(WHAT NEEDS TO BE DONE)
Copy, word for word, the lines of the listing below from the line with "Missouri Cookbook: Traditional" up to and including the line with "Anne Katherine Quotes: Intimacy". Drop the pictures.

(SOURCE MATERIAL)

· · · · · · ·

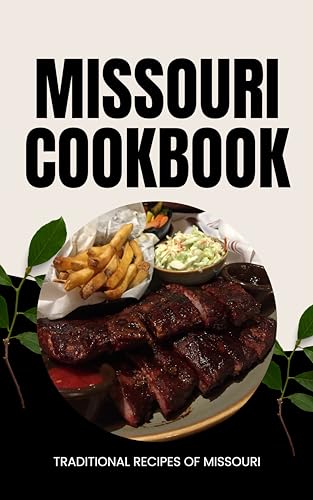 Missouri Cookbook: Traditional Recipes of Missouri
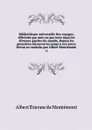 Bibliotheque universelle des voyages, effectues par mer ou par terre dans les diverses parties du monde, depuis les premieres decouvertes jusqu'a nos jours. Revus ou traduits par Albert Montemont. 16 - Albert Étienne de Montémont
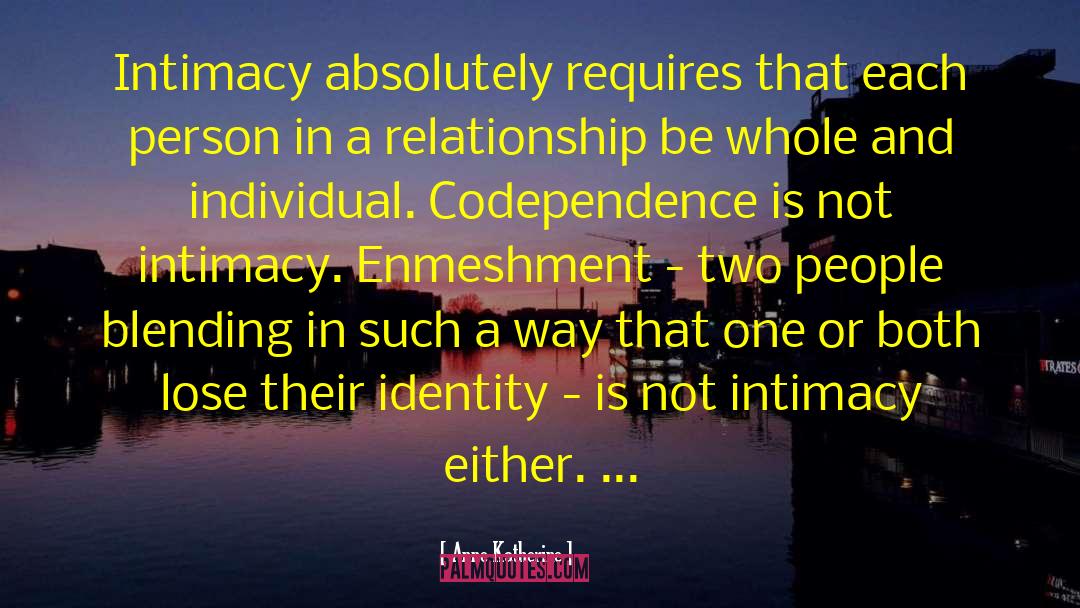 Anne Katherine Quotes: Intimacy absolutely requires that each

· · · · · · ·

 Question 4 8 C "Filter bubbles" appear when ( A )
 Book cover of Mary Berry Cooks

· · · · · · ·

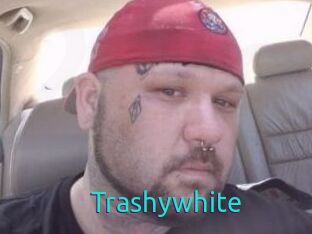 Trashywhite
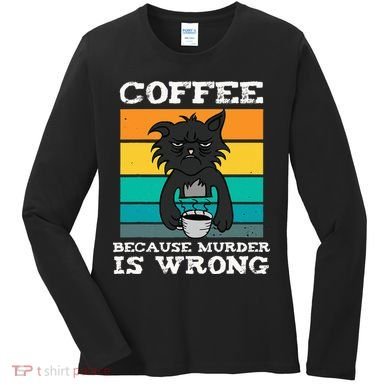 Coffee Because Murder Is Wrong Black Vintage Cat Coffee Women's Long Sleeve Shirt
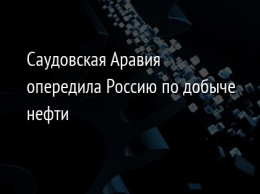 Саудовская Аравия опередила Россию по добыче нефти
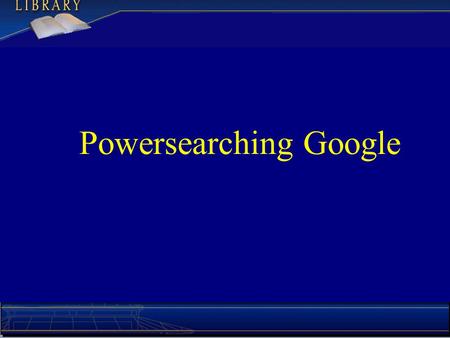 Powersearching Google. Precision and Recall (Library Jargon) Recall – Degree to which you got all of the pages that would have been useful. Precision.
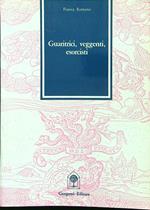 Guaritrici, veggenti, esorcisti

· · · · · · ·

(WRITTEN SOLUTION)
 Missouri Cookbook: Traditional Recipes of Missouri
 Bibliotheque universelle des voyages, effectues par mer ou par terre dans les diverses parties du monde, depuis les premieres decouvertes jusqu'a nos jours. Revus ou traduits par Albert Montemont. 16 - Albert Étienne de Montémont
 Anne Katherine Quotes: Intimacy absolutely requires that each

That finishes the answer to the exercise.